[Stored items from a collection]
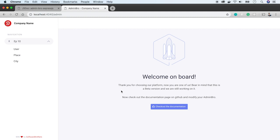We've set up an admin panel with authentication in less than 10 minutes. That was awesome. But remember that admin-bro is still in beta, so use it with caution. This is everything for now. In the next episode, I will show you how to further adjust admin-bro to our needs. Subscribe to the channel and see you next week.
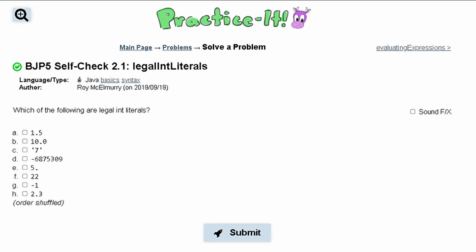For Practice-It self-check 2.1 legal int literals, we are asked which of the following are legal int literals. We are given choices A through H and we need to pick which ones are legal int literals.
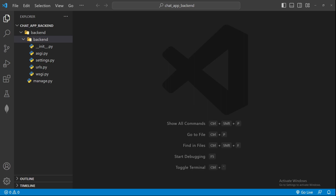That's all for this video. From the next video we will officially start with our application. The very first thing we'll do is set up an authentication system where users can register, log in, and log out. We'll start with those things and then gradually proceed to the chat application. Also, the database we are using will be MySQL, so make sure you have the MySQL connector libraries installed and MySQL Workbench to view data and run raw queries.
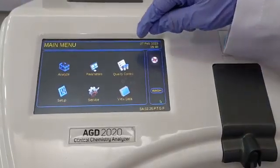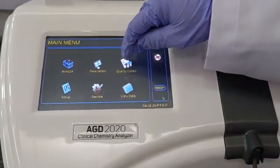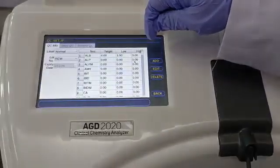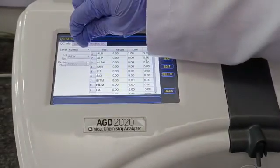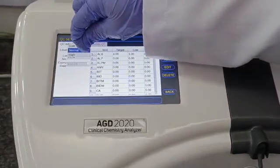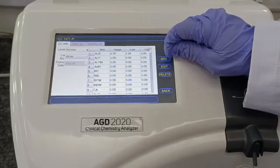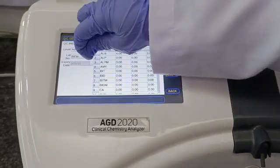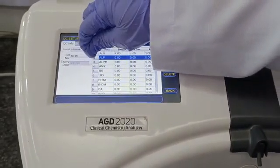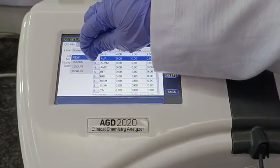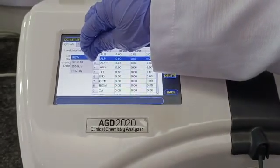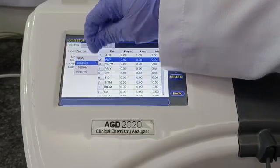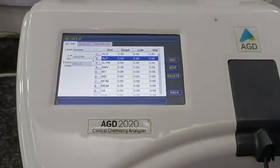We will see how to perform a quality control for glucose. First, we will select the level for glucose. We generally use Randox controls for our QC checks. The Randox control has two levels, mainly the normal and the high.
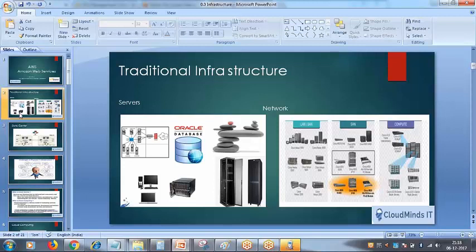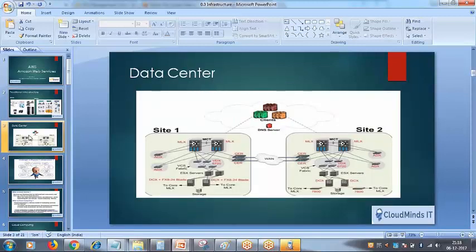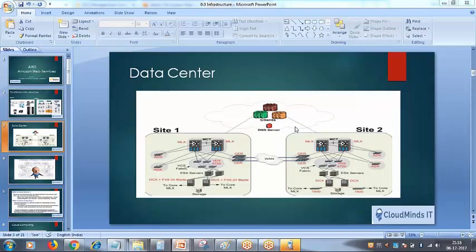All these computing services had to be kept somewhere — that is called a data center. A data center is a location where you store your servers and all hardware-related equipment in one place. You have a server, you have a data center, and everything is working fine.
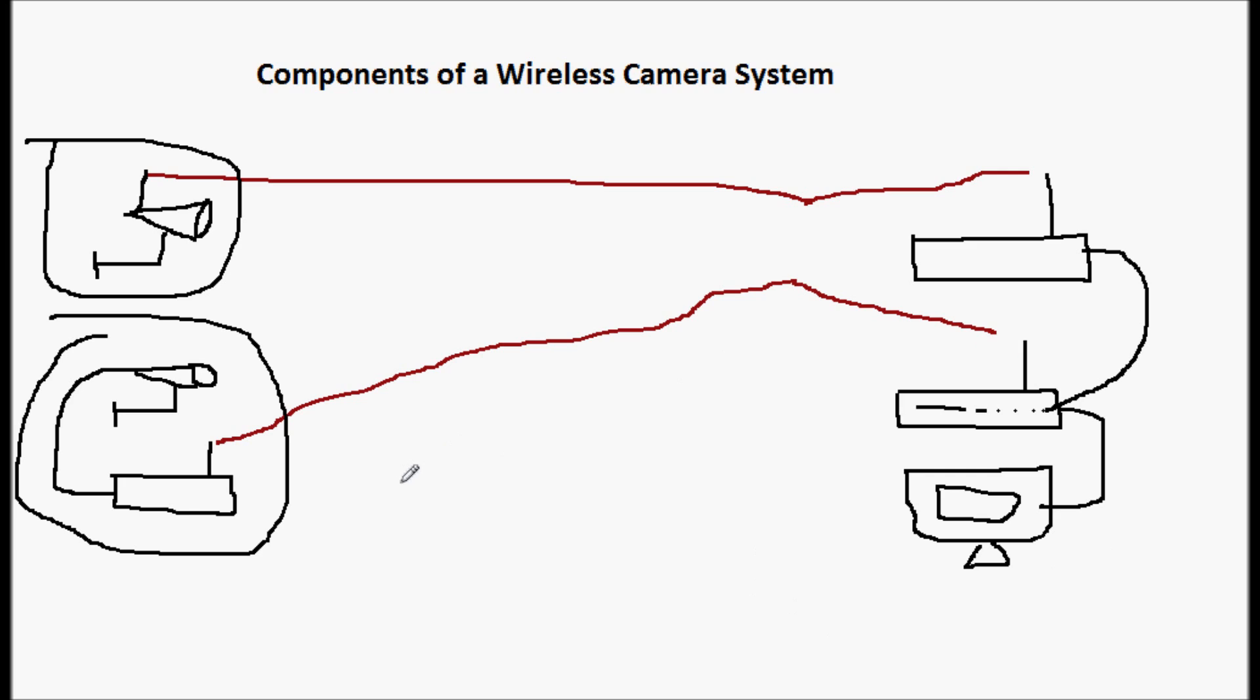So that's it. Those are the basic components of a wireless security camera: a camera, a transmitter, the receiver, a recording device, usually a DVR or SD recorder, and then a monitor.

# Required work:
Starting at the line that contains "We will see", output every line through the end of the data, both ends included, and nothing else; pictures stay out.

# Solution for this problem:
We will see how to perform a quality control for glucose. First, we will select the level for glucose. We generally use Randox controls for our QC checks. The Randox control has two levels, mainly the normal and the high.
All these computing services had to be kept somewhere — that is called a data center. A data center is a location where you store your servers and all hardware-related equipment in one place. You have a server, you have a data center, and everything is working fine.
So that's it. Those are the basic components of a wireless security camera: a camera, a transmitter, the receiver, a recording device, usually a DVR or SD recorder, and then a monitor.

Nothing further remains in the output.